Leona looked at the LED tattoo timekeeper on her wrist. “Has anyone tried to
go back?”
Hrockas abashedly raised his hand. “I’ve tried. It didn’t work. Sorry, I
wasn’t really intending on abandoning you here, but...”
“It’s fine, Hrockas,” Leona said. “They obviously have some kind of signal
jammer that’s preventing us from casting back to our real bodies.”
“Of course the hock has that,” the guard agreed.
“What’s your name?”
“Infinity,” she answered.
“Infinity, how long do you reckon they’ll keep us here?”

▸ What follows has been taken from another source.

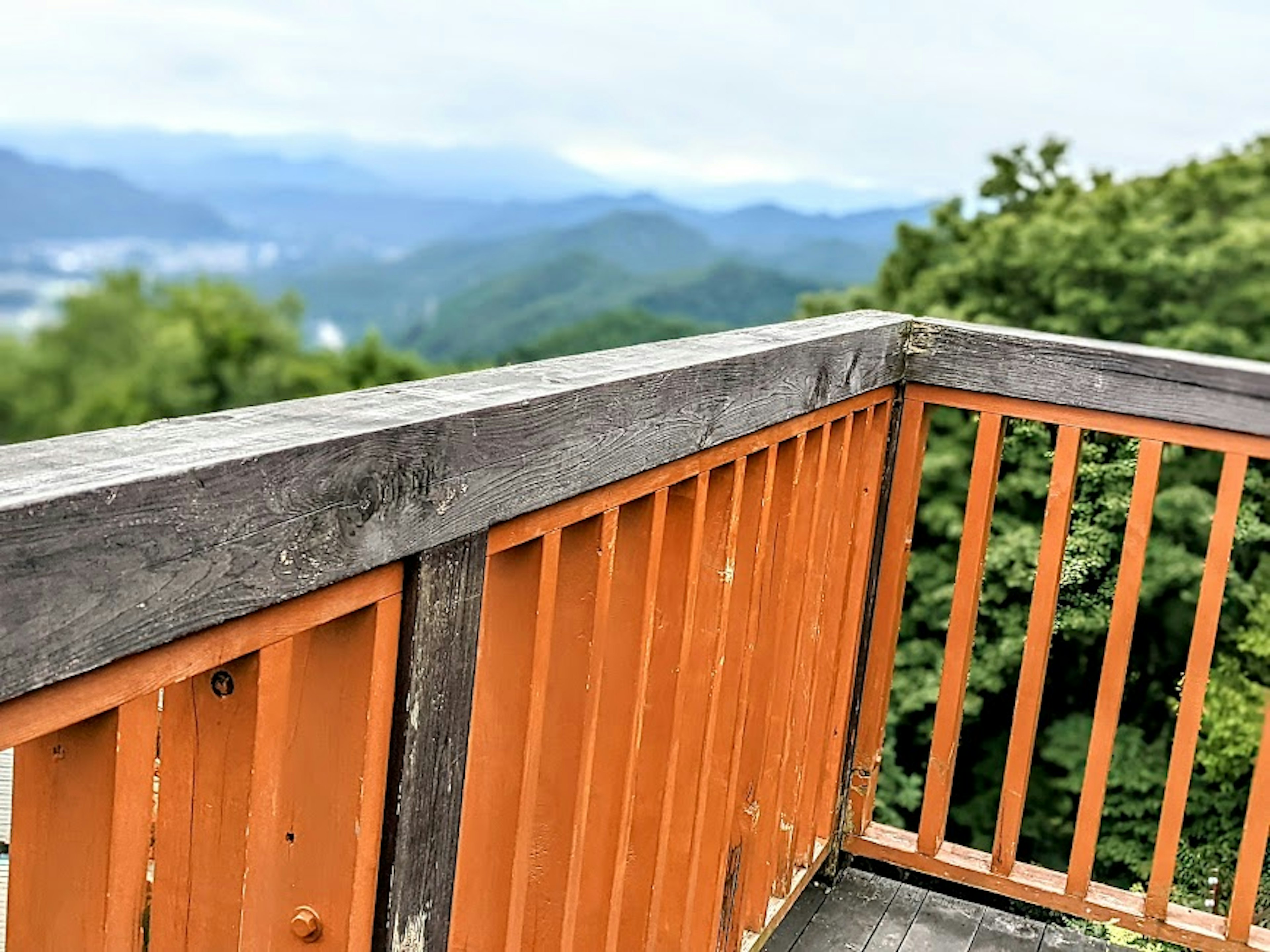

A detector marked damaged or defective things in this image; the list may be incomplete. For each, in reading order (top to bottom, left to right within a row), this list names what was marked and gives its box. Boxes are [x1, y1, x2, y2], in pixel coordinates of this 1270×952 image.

“Reckon?” Infinity echoed. “Depends on how far back in the past you’re from,
m’lady.”
“Three hundred and forty years,” Leona responded plainly, not expecting her
to believe it. She turned to the group. “Honestly, I don’t know what happens
to us at midnight. I don’t know if these bodies disappear, or if our
real bodies do, and leave us behind, or if our connection to them is
permanently broken. Maybe we’ll automatically cast back when it happens? I
wish I could give you some answers.”
“The most likely answer,” Ramses began, “is that you and Mateo jump. Not
only did Pryce program your bodies with your original salmon pattern, but
I’m fairly certain that there is a neurological link as well. The rest of us
will probably stay here, while our bodies go with you, because they’re still
wearing cuffs, leaving us to wait at least another year to get them back. I
don’t think the cuffs are sophisticated enough to account for that
neurological component.”
“I would go with them too,” Angela revealed.
“What?” Leona questioned.
“Yeah, Pryce programmed my post-resurrection body to be just like yours. Did
I never mention that?”
Leona and Mateo shook their heads. “No.”
“Yeah, I’m full-on one of you,” she explained.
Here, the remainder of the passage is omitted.